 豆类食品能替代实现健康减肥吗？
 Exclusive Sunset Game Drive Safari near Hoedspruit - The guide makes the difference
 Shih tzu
--------------------------------
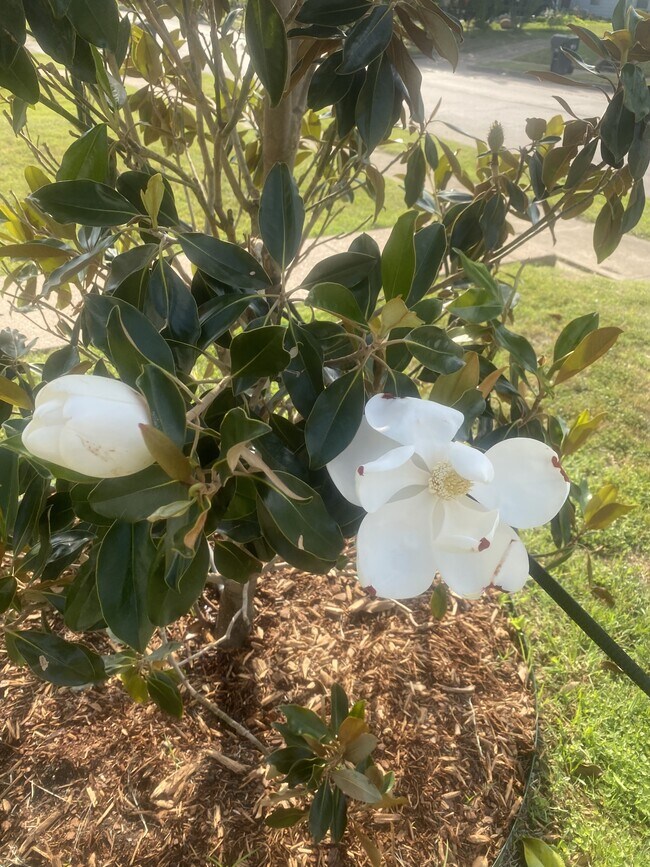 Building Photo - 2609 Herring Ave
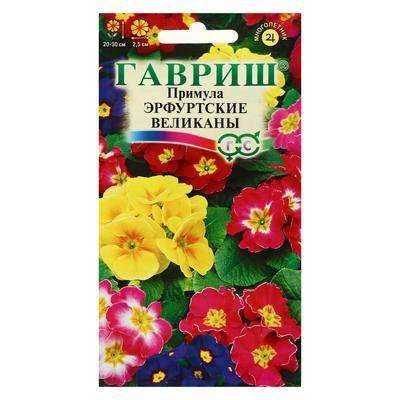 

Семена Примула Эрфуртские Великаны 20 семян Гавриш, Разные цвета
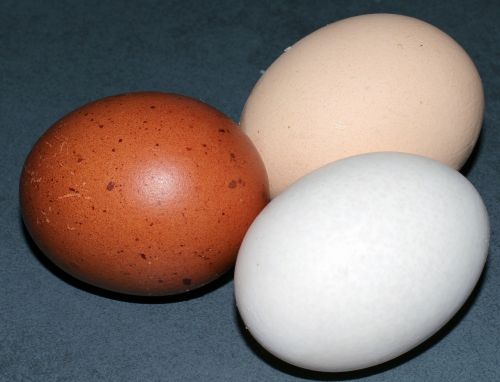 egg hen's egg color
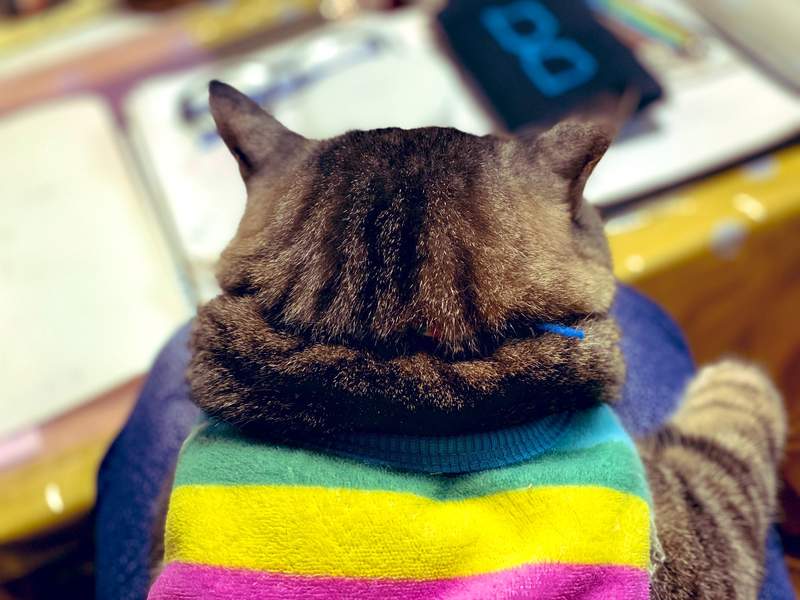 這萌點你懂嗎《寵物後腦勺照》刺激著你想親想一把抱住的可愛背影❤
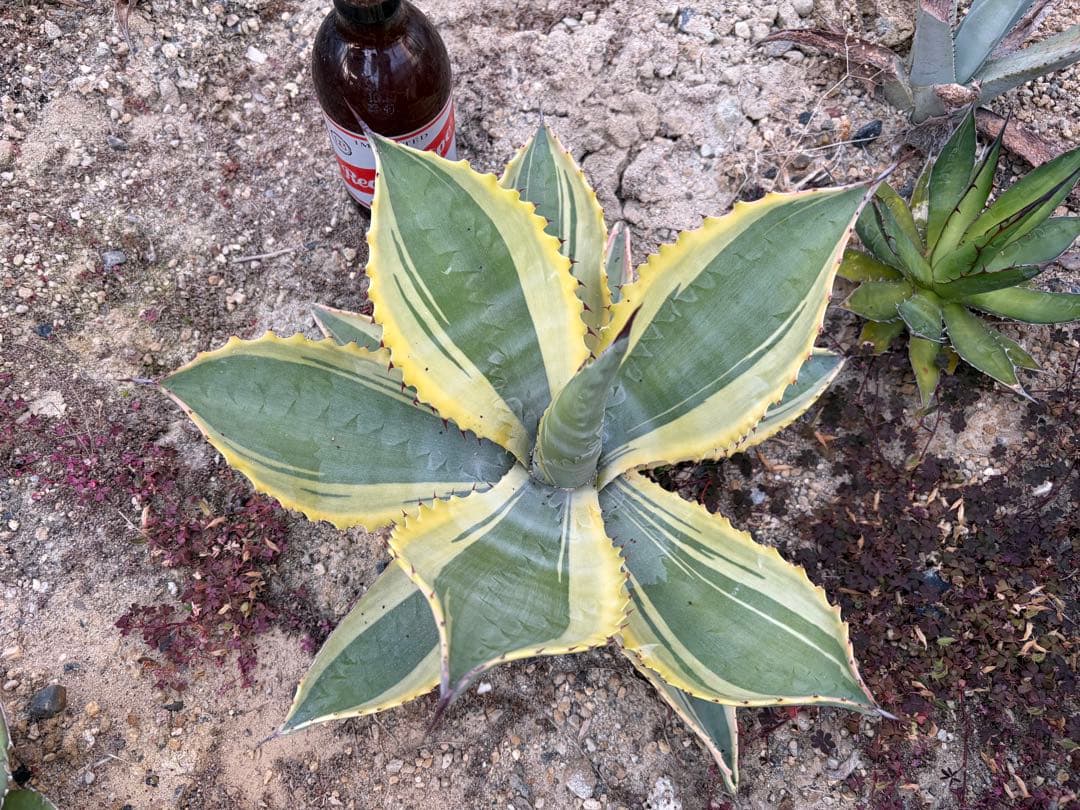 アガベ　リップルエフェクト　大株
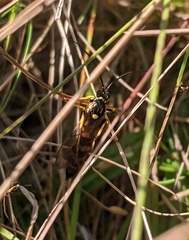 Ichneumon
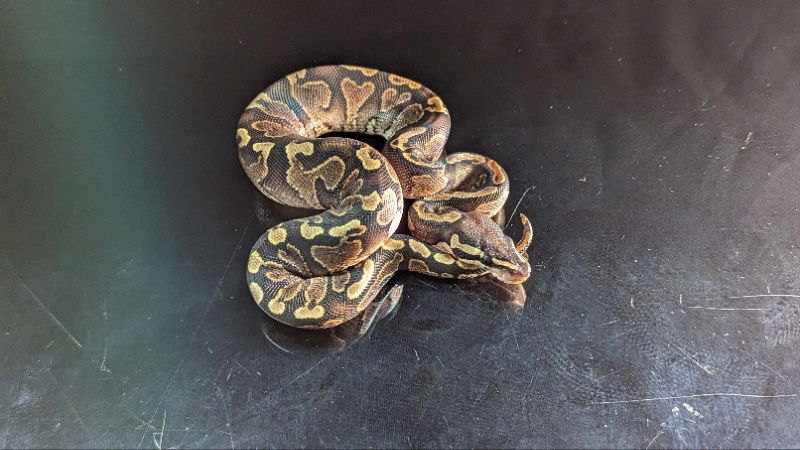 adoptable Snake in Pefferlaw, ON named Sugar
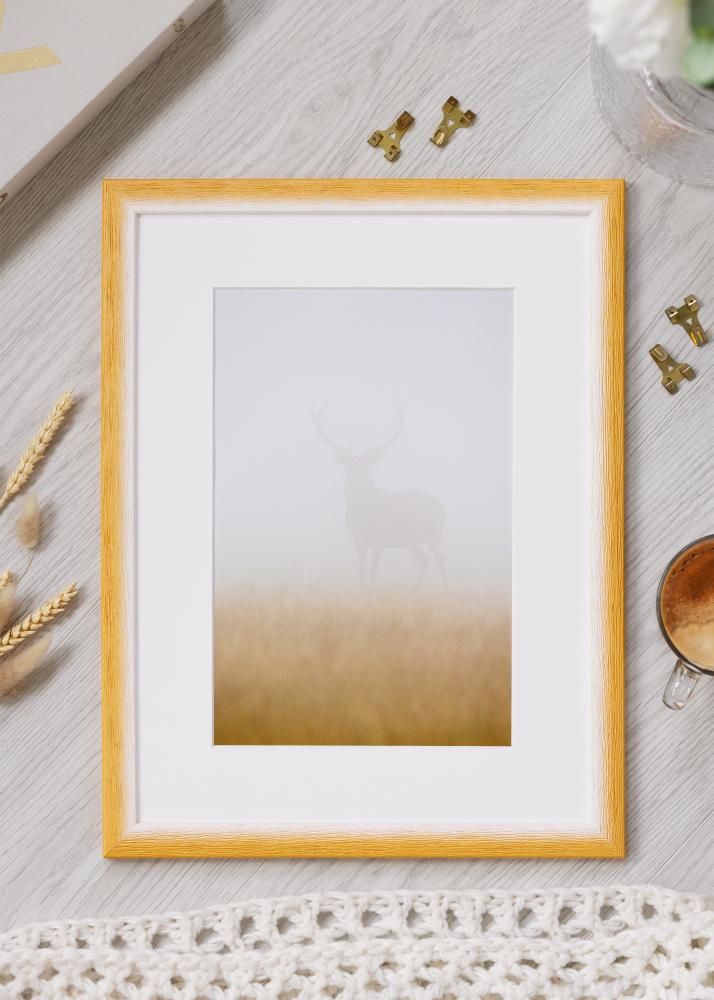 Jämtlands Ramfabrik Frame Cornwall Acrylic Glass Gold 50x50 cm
--------------------------------
**Activity:** Your copy should hold the lines from the one with "adoptable Snake in Pefferlaw, ON named Sugar" up to and including the one with "Jämtlands Ramfabrik Frame", exactly as in the data above, and no pictures.

**Problem solution:**
 adoptable Snake in Pefferlaw, ON named Sugar
 Jämtlands Ramfabrik Frame Cornwall Acrylic Glass Gold 50x50 cm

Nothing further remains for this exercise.